▶ WORK ITEM
Copy out the data below as written; omit any images.

Stored data entries:
----

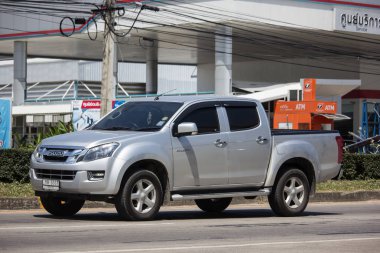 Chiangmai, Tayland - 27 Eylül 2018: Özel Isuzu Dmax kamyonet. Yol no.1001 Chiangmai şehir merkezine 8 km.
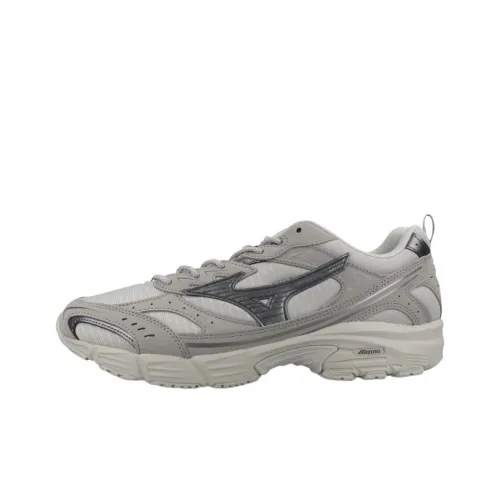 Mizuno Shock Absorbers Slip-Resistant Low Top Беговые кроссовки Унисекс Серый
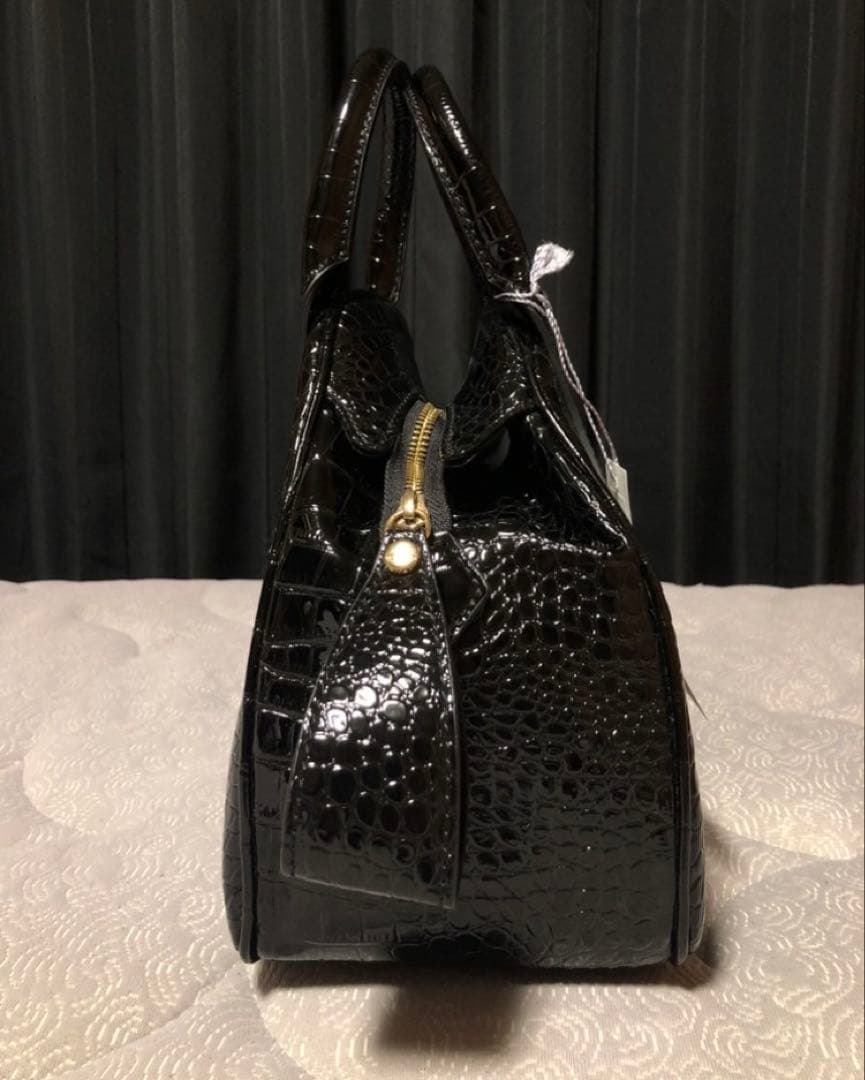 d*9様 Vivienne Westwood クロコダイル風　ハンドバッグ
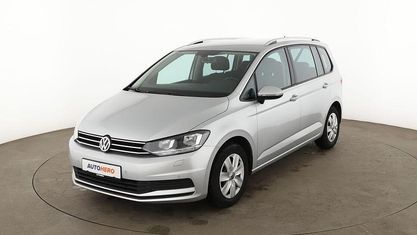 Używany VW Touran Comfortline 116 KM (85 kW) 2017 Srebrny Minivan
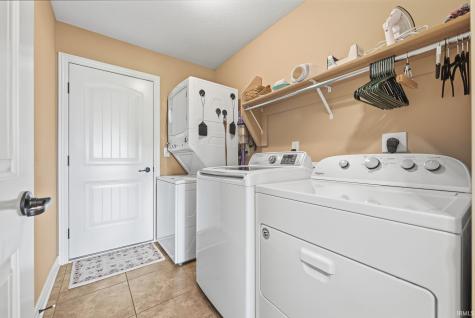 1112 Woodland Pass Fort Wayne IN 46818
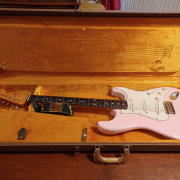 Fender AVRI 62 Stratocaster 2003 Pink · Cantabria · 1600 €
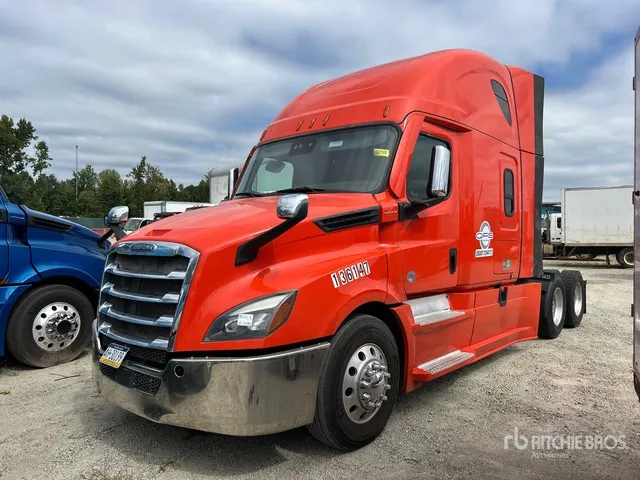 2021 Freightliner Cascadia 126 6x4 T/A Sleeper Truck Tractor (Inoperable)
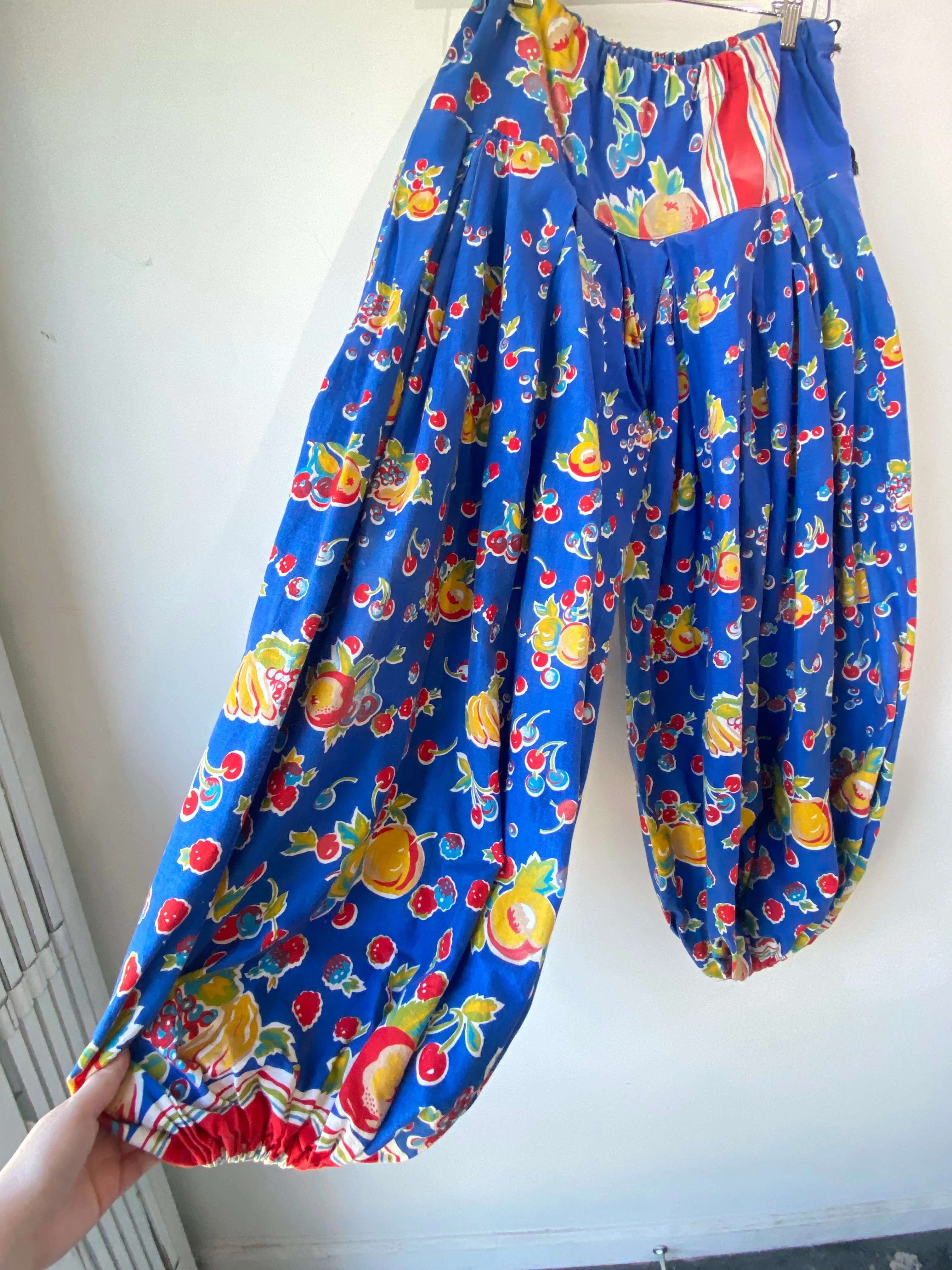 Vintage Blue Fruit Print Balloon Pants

----

▶ EXERCISE RESPONSE
 Chiangmai, Tayland - 27 Eylül 2018: Özel Isuzu Dmax kamyonet. Yol no.1001 Chiangmai şehir merkezine 8 km.
 Mizuno Shock Absorbers Slip-Resistant Low Top Беговые кроссовки Унисекс Серый
 d*9様 Vivienne Westwood クロコダイル風　ハンドバッグ
 Używany VW Touran Comfortline 116 KM (85 kW) 2017 Srebrny Minivan
 1112 Woodland Pass Fort Wayne IN 46818
 Fender AVRI 62 Stratocaster 2003 Pink · Cantabria · 1600 €
 2021 Freightliner Cascadia 126 6x4 T/A Sleeper Truck Tractor (Inoperable)
 Vintage Blue Fruit Print Balloon Pants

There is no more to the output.